_Requirement:_ Produce exactly the lines from the one holding "Personalised 3D Cartoon" through the last line of the data below, with every picture left out.

_Source material:_
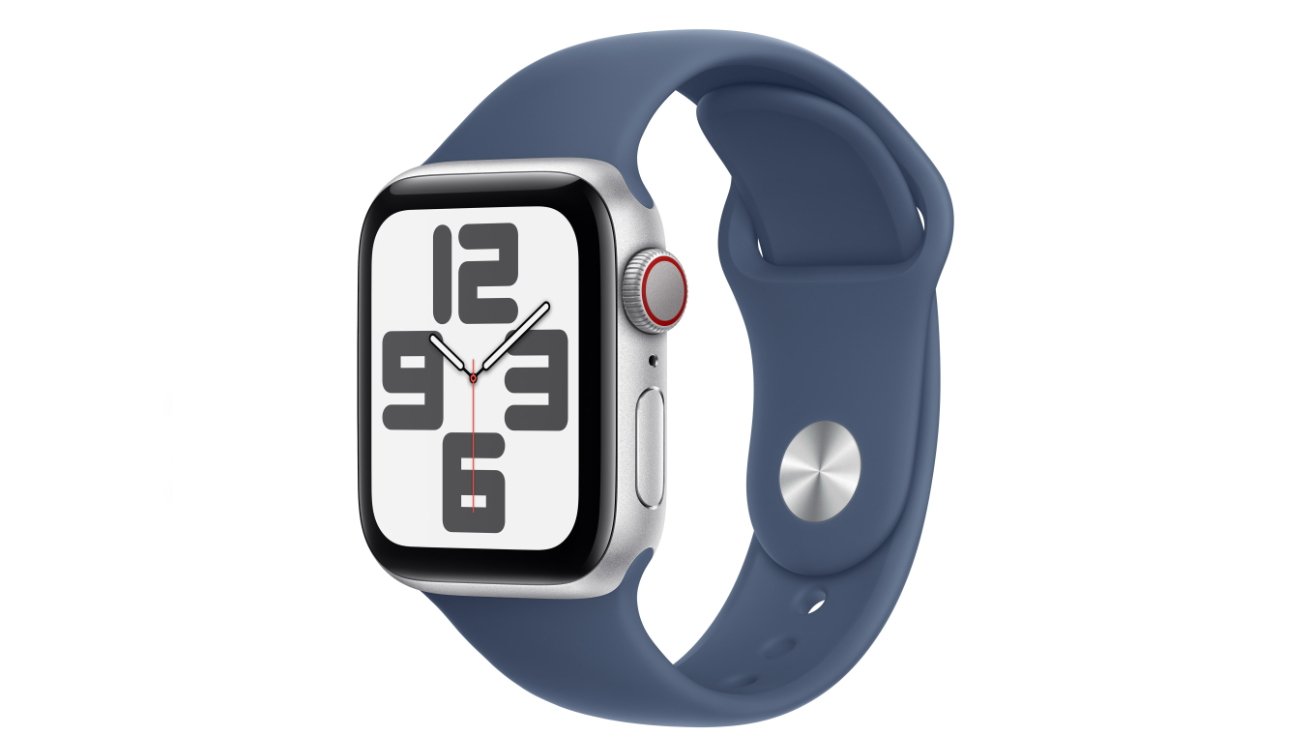 Smartwatch with large white face, bold black numbers, and a silver case on a dark blue band.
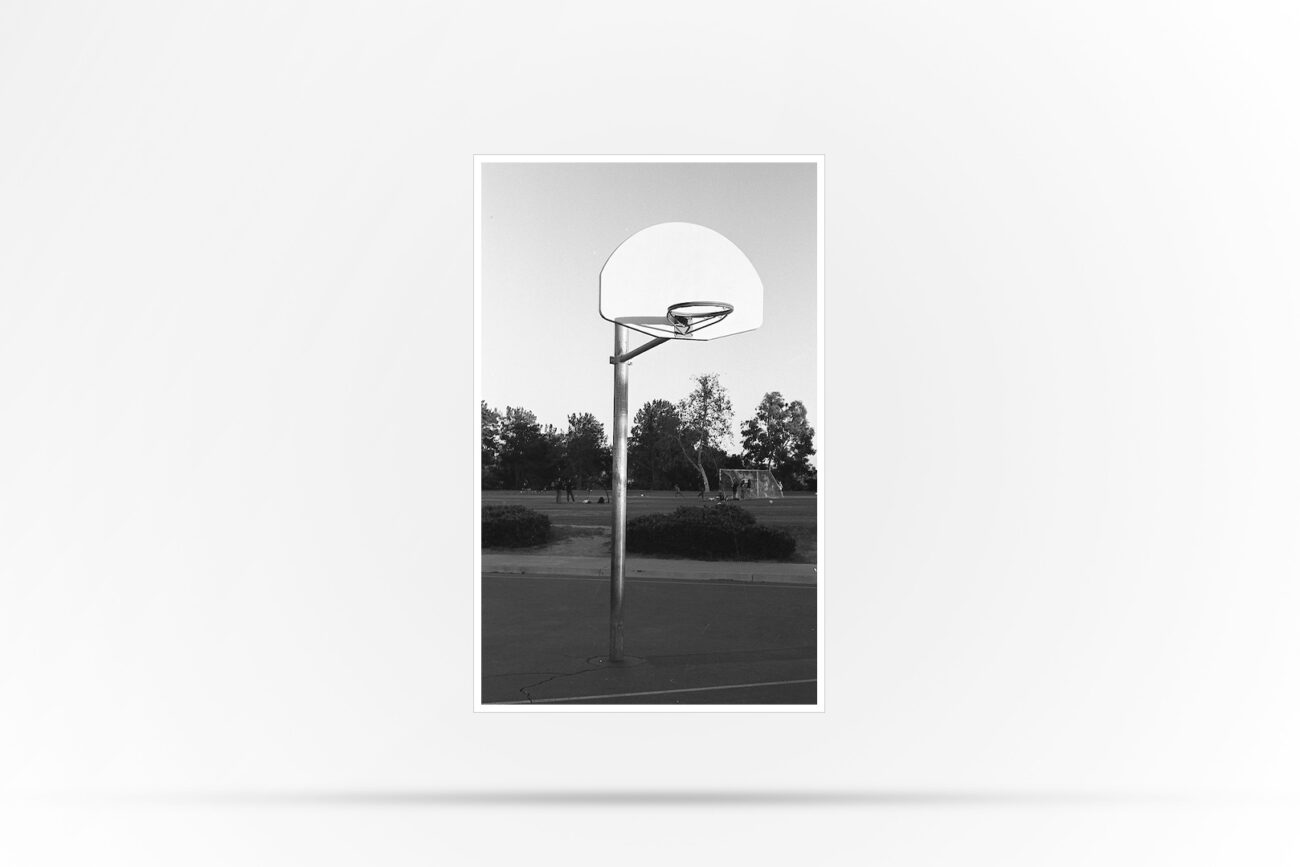 Black and White Photograph of a basketball hoop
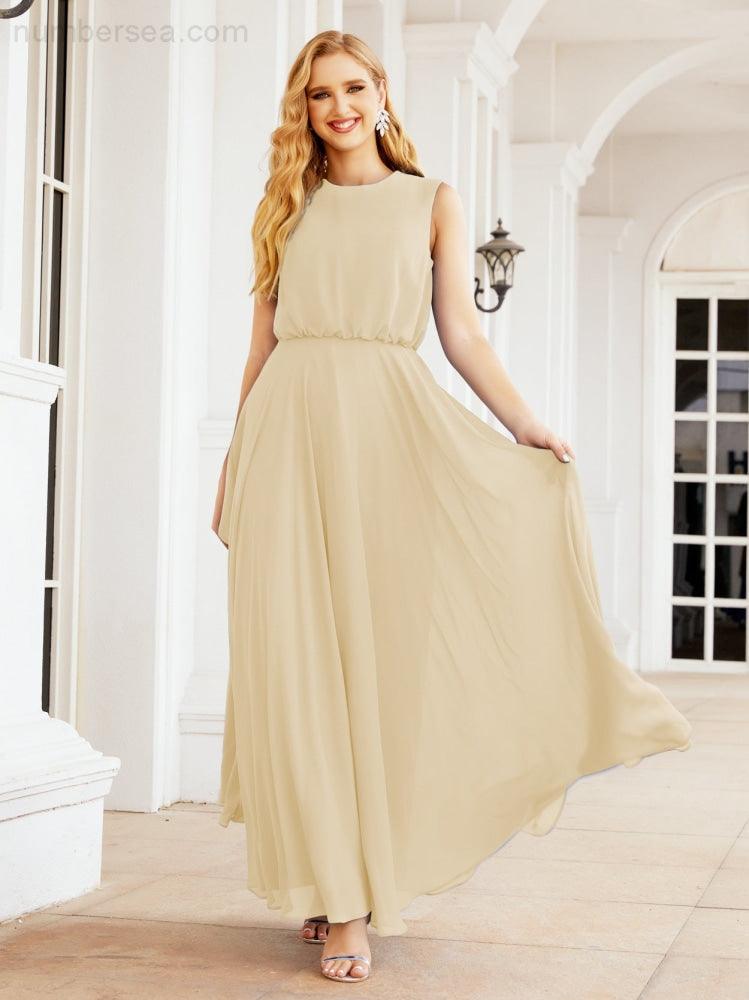 Sleeveless Long Bridesmaid Dress A line Formal Evening Prom Gown 28025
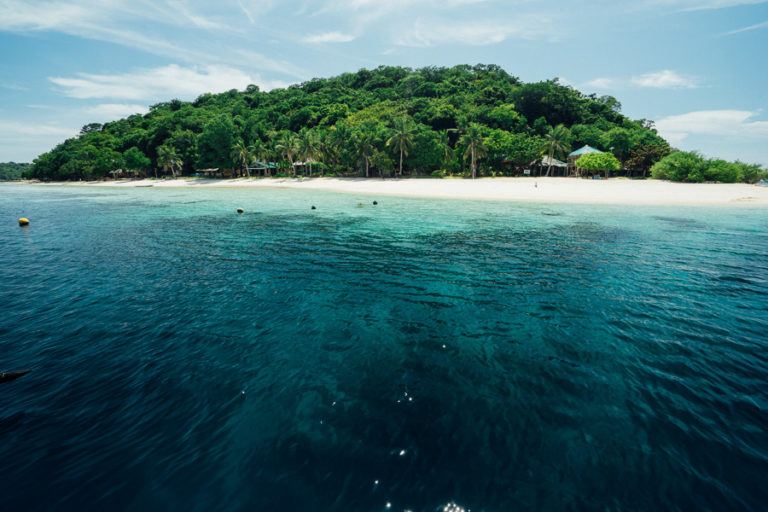 a small island in the middle of the ocean.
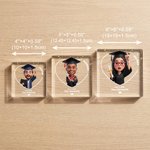 Personalised 3D Cartoon Graduate Character Square Acrylic Plaque with Name Year and School Desk Decor Birthday Graduation Gift for Graduates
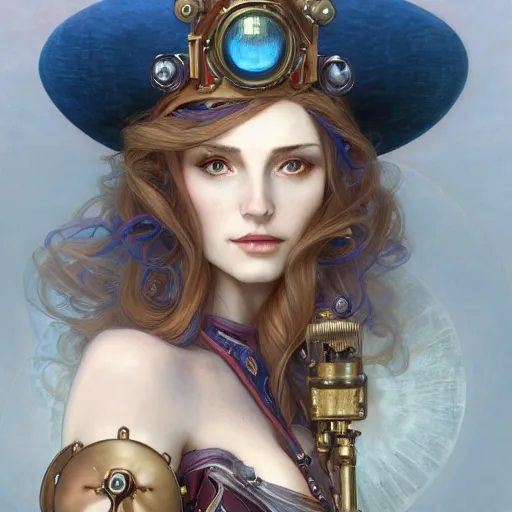 Image similar to Masterpiece head and shoulders portrait of Caitlyn from League of Legends of Arcane animated Series with blue long hair and cylinder hat with Steampunk armor drawn by Donato Giancola and Tom Bagshaw, Edmund Leighton, Alphonse Mucha, background by James Jean and Gustav Klimt, 4k, porcelain skin, volumetric lighting, komorebi, french nouveau, trending on artstation, octane render, hyperrealistic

_Solution:_
 Personalised 3D Cartoon Graduate Character Square Acrylic Plaque with Name Year and School Desk Decor Birthday Graduation Gift for Graduates
 Image similar to Masterpiece head and shoulders portrait of Caitlyn from League of Legends of Arcane animated Series with blue long hair and cylinder hat with Steampunk armor drawn by Donato Giancola and Tom Bagshaw, Edmund Leighton, Alphonse Mucha, background by James Jean and Gustav Klimt, 4k, porcelain skin, volumetric lighting, komorebi, french nouveau, trending on artstation, octane render, hyperrealistic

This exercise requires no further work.